**Exercise description:**
From the line containing "-海马体照相馆(万菱汇店)" onward to the last line of the data below, copy each line exactly and add nothing.

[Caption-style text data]

◇ ◇ ◇ ◇ ◇

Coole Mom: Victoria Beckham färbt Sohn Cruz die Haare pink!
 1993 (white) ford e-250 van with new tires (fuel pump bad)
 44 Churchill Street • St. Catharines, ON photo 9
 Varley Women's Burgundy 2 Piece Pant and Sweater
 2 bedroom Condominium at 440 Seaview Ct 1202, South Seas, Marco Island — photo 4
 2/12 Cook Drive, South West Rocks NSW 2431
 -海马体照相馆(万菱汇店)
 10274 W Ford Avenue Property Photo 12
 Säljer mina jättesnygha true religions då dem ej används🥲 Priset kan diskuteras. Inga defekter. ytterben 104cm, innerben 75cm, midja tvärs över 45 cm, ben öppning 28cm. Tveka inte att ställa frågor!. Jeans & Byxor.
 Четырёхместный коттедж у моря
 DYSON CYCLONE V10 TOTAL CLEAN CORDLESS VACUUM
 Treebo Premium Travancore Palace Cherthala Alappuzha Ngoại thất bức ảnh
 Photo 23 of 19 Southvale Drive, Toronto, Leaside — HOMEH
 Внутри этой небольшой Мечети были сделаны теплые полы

◇ ◇ ◇ ◇ ◇

**Solution for this problem:**
 -海马体照相馆(万菱汇店)
 10274 W Ford Avenue Property Photo 12
 Säljer mina jättesnygha true religions då dem ej används🥲 Priset kan diskuteras. Inga defekter. ytterben 104cm, innerben 75cm, midja tvärs över 45 cm, ben öppning 28cm. Tveka inte att ställa frågor!. Jeans & Byxor.
 Четырёхместный коттедж у моря
 DYSON CYCLONE V10 TOTAL CLEAN CORDLESS VACUUM
 Treebo Premium Travancore Palace Cherthala Alappuzha Ngoại thất bức ảnh
 Photo 23 of 19 Southvale Drive, Toronto, Leaside — HOMEH
 Внутри этой небольшой Мечети были сделаны теплые полы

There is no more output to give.